Ces changements de noms sont d'ailleurs à peu près tout ce qui reste de la grande réforme territoriale voulue par le précédent président de la République, laquelle prévoyait la disparition du département et le renforcement des régions.
Le département est maintenu avec les attributions qui sont traditionnellement les siennes, le nombre des cantons est divisé par deux, certes, mais pas celui des conseillers puisque dorénavant ils seront deux - un homme, une femme - par canton. Bref, beaucoup de bruit pour rien, ou presque.
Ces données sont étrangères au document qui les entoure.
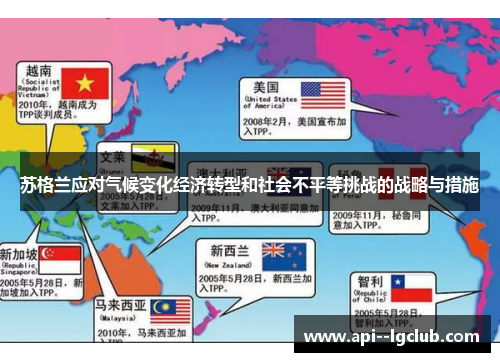 苏格兰应对气候变化经济转型和社会不平等挑战的战略与措施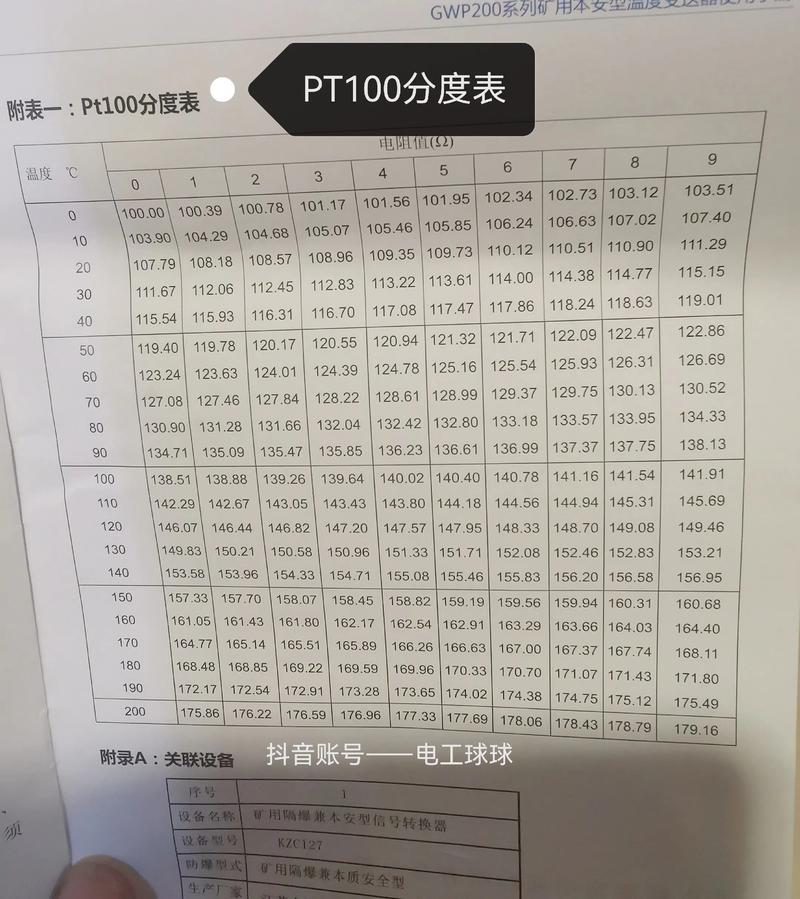 手机维修如何用万用表测电阻？-图3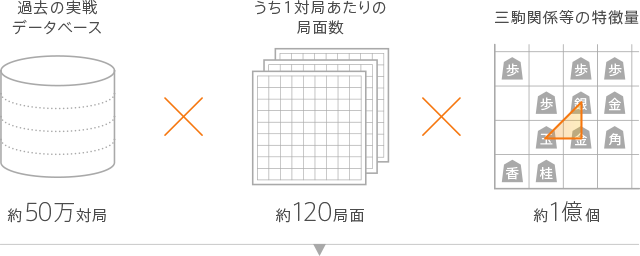 模式図：過去の実戦データベース 約50万、うち1対局あたりの画面数 約120万、三駒関係等の特徴量 約1億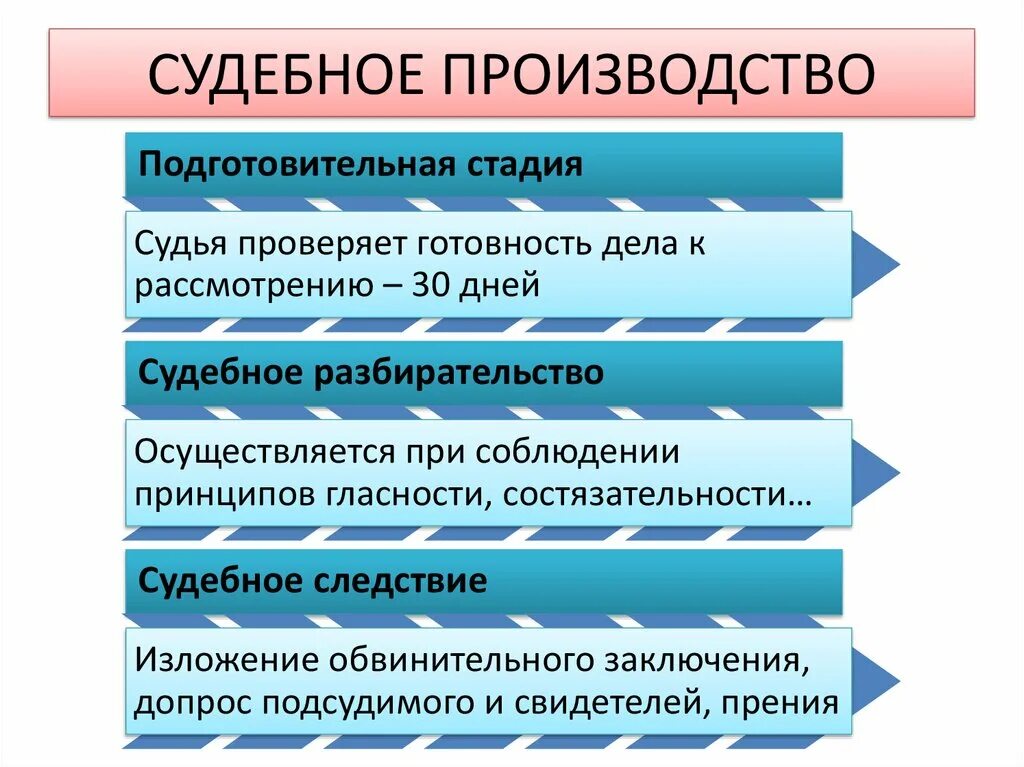 Открыть судебное производство. Стадии судебного производства. Стадии уголовного судебного производства. Судебное производство стадии производства. Подготовительная стадия судебного производства.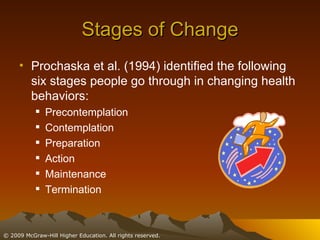 Stages of Change Prochaska et al. (1994) identified the following six stages people go through in changing health behaviors: Precontemplation Contemplation Preparation Action Maintenance Termination 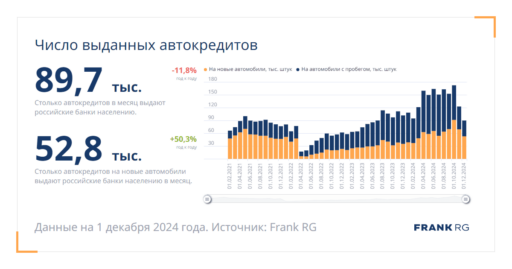 Frank RG и еКредит запустили раздел с полной статистикой по автокредитованию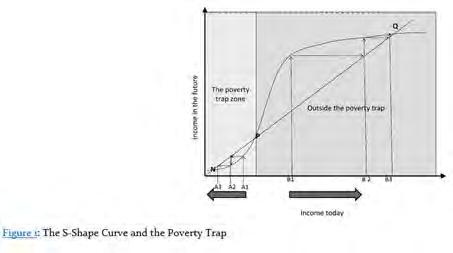 Generic poverty trap from Banerjee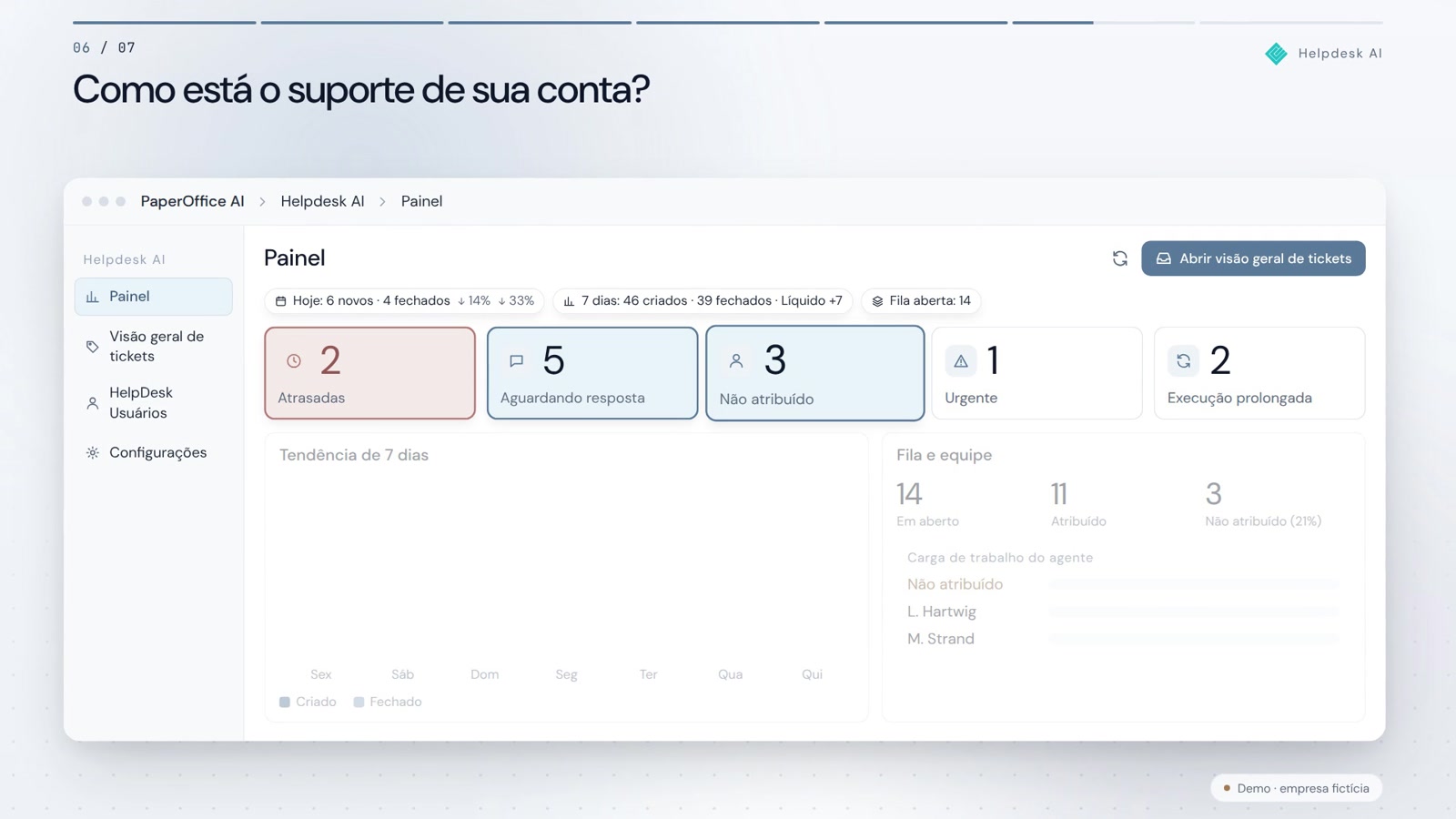 Análise de Suporte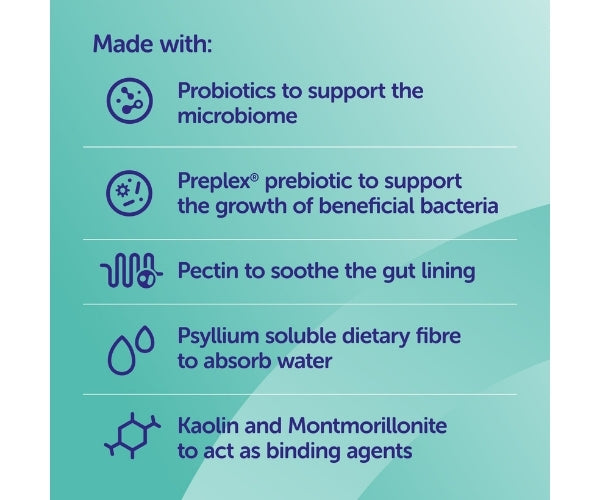 Protexin Pro‑Kolin Advanced Paste - Gastrointestinal Support for Dogs 15ml, 30ml, 60ml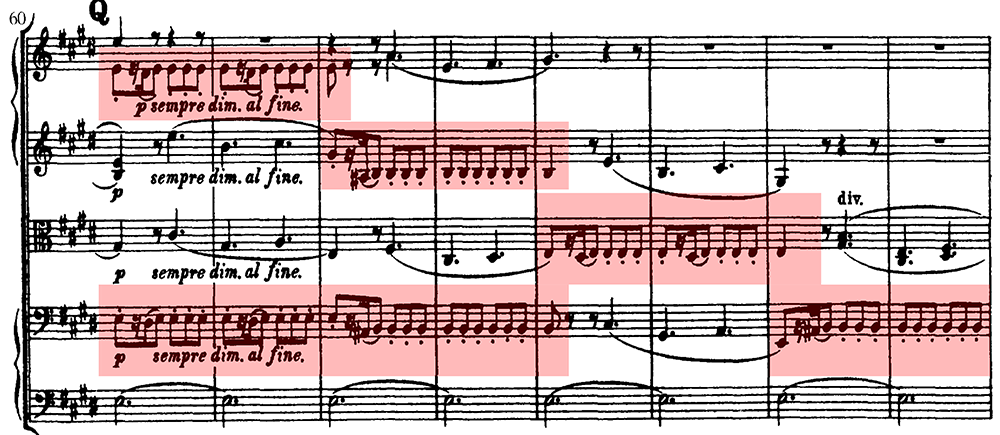 Elgar - Serenade for strings - analysis - ex28 Elgar - Serenade for strings - analysis - ex28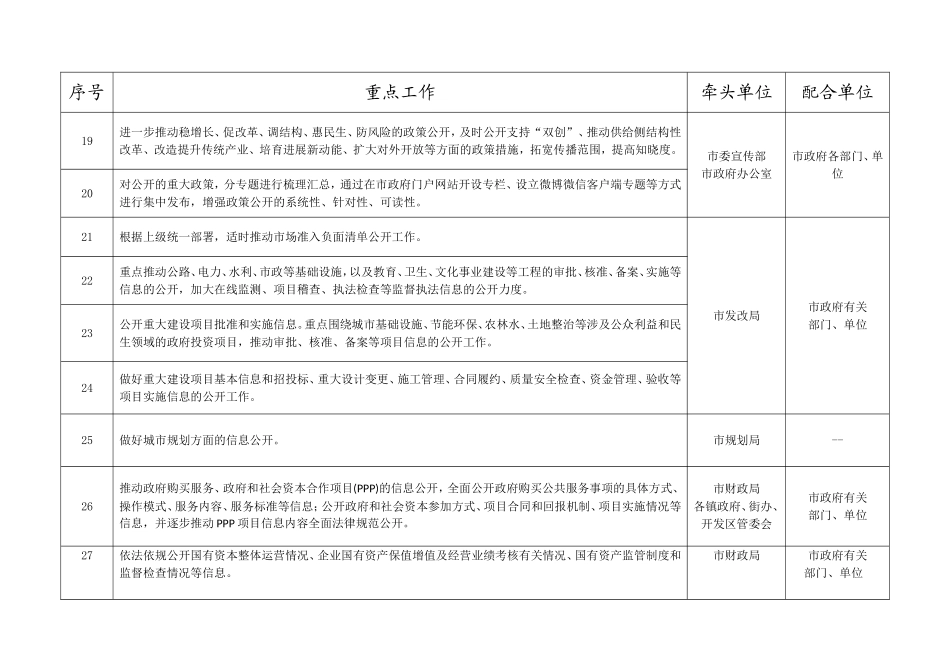 当前全市政务公开重点工作分解细化表_第3页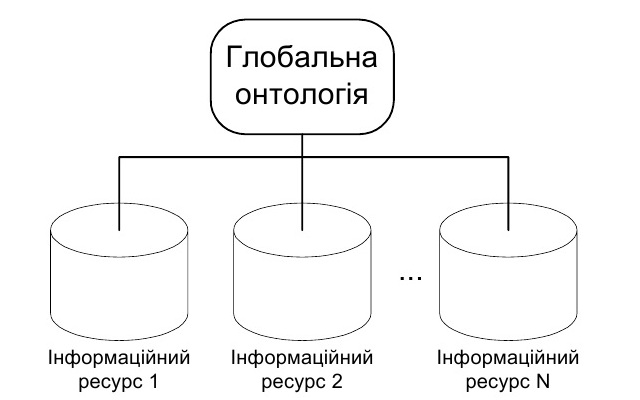 Схема семантичної інтеграції даних на основі єдиної онтології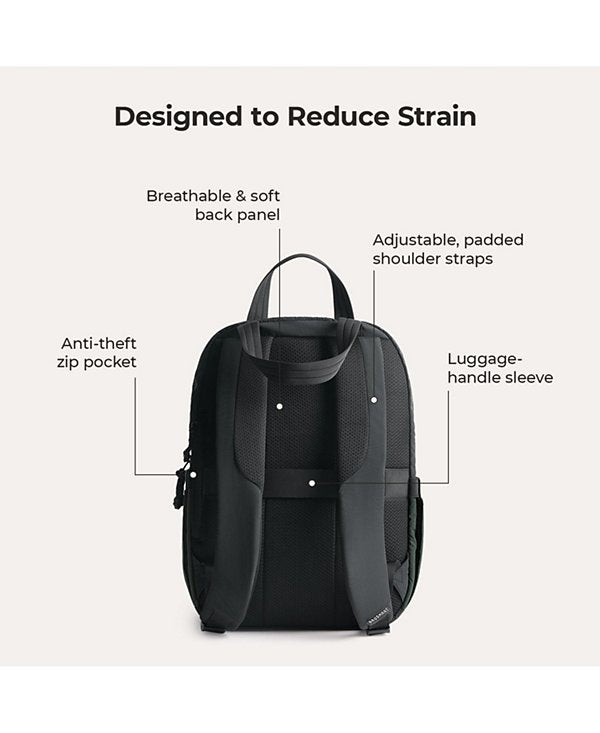 Vega 23L Featherlight Work Backpack Moss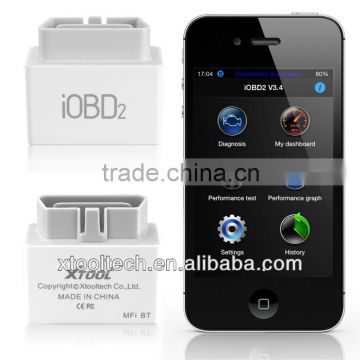 iOBD2 bluetooth scanner tool iPhone&Android for obd2/eobd compliant cars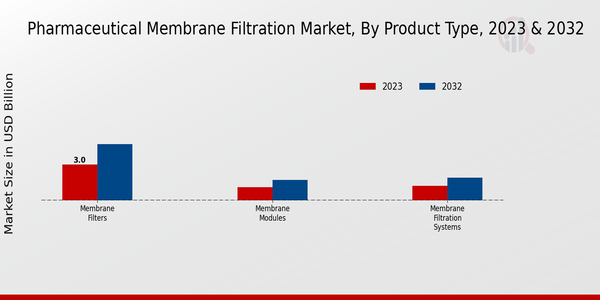 Pharmaceutical Membrane Filtration Market Product Type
Mais là ou les choses deviennent amusantes, c'est quand on regarde la réforme de 2013, voulue par la majorité actuelle pour s'assurer de conserver les départements qu'elle dirige, et barrer la route au Front National en évitant les élections triangulaires de second tour, ravageuses pour le parti au pouvoir. C'est véritablement l'arroseur arrosé !
L'astuce - éculée mais toujours efficace - consiste à relever tout simplement le pourcentage de voix nécessaire pour pouvoir participer au second tour.
Jusqu'en 2013 ce pourcentage était de 10 % des électeurs inscrits. Donc dans la pratique, compte tenu de l'abstention aux élections locales qui tourne autour de 50 % , il fallait obtenir environ 20 % des suffrages exprimés au premier tour, ce qui déjà n'était pas rien.
Voici que, certaine d'handicaper le FN dont les scores il y a trois ans ne dépassaient que rarement 20 %, la majorité de gauche se crut extrêmement habile de remonter la barre à 12,5 % des inscrits au premier tour et donc à environ 25, voir 30 % des exprimés du second tour.
Or l'usure du pouvoir, la volatilité de l'électorat, la déception d'une grande partie des électeurs de François Hollande et surtout, s'agissant de ces élections départementales, la confusion extrême et le brouillard dans lesquels elles se déroulent, aboutissent - les sondages le montrent jour après jour - à ce que le Parti Socialiste n'est que très rarement crédité d'un score de 25 % des électeurs du premier tour.
Ajouté à cela que ce flou dont je parle va sans doute encore augmenter le nombre des abstentionnistes, c'est donc le PS et ses alliés Radicaux de Gauche et non pas le Front National qui, dans un très grand nombre de cantons, risque de ne pas pouvoir participer au second tour.
D'un point de vue moral, cet effet boomerang d'une mesure destinée à gêner leurs adversaires de droite, est pour le moins méritée. Mais la politique n'est pas seulement affaire de morale. Elle est ausssi et surtout l'art de prévoir et de préparer l'avenir et d'éviter les écueils encore invisibles.
Reconnaissons que de ce double point de vue, la Gauche s'est lamentablement fourvoyée, et quelle illustre à son corps défendant la fameuse formule : « tel est pris qui croyait prendre ».
Commentaires
@fugace
En effet, c'est une première. Le flou domine ces élections. On ne connait en réalité que l'emprise géographique des nouveaux cantons et, en très gros, les attributions des conseils départementaux.
Je dis en très gros, car il semble que le périmètre de leurs compétences puisse être rogné au profit des futures 13 "grandes régions" dont on ne sait non plus pas grand chose et pour lesquelles le peuple va être appelé à voter d'ici à la fin de cette année.
Ce cafouillage est inquiétant. Nul doute qu'il participera à grossir le nombre des abstentionnistes, comme vous le dites.
Ce vote à l'aveugle est si invraisemblable que je me demande si ce scrutin ne pourrait pas être attaqué d'un point de vue constitutionnel.
Bonjour,
Je ferai, pour ma part demain, partie des abstentionnistes, car je trouve anachronique sinon aberrant d'élire des gens, dont la fonction n'est pas véritablement connue pour la durée du mandat, et pour lesquels ils nous est demandé une procuration, à l'aveugle en quelque sorte.